→ Exercise goal: Keep only the lines from the start of the data through the line containing "1370518-10-68f191...", and output them exactly.

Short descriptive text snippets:
- - -

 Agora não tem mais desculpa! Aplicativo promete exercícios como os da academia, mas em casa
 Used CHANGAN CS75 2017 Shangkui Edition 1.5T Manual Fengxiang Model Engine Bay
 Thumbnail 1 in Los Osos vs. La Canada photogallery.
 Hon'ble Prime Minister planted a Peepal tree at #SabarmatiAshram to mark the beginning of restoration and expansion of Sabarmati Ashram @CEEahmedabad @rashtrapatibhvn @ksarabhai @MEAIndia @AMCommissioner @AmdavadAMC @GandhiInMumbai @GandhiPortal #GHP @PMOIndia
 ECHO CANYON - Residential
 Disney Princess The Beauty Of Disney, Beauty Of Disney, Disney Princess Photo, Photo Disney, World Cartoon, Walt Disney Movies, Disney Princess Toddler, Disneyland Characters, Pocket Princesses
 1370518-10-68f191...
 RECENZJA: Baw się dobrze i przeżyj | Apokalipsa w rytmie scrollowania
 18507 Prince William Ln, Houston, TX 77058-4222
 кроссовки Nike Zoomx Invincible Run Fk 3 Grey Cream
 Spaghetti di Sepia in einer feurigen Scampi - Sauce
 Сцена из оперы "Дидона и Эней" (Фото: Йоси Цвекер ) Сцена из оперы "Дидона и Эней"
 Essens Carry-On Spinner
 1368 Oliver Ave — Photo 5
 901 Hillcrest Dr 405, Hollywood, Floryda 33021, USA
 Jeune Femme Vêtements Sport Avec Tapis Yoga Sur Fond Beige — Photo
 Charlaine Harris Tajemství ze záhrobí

- - -

→ Response area:
 Agora não tem mais desculpa! Aplicativo promete exercícios como os da academia, mas em casa
 Used CHANGAN CS75 2017 Shangkui Edition 1.5T Manual Fengxiang Model Engine Bay
 Thumbnail 1 in Los Osos vs. La Canada photogallery.
 Hon'ble Prime Minister planted a Peepal tree at #SabarmatiAshram to mark the beginning of restoration and expansion of Sabarmati Ashram @CEEahmedabad @rashtrapatibhvn @ksarabhai @MEAIndia @AMCommissioner @AmdavadAMC @GandhiInMumbai @GandhiPortal #GHP @PMOIndia
 ECHO CANYON - Residential
 Disney Princess The Beauty Of Disney, Beauty Of Disney, Disney Princess Photo, Photo Disney, World Cartoon, Walt Disney Movies, Disney Princess Toddler, Disneyland Characters, Pocket Princesses
 1370518-10-68f191...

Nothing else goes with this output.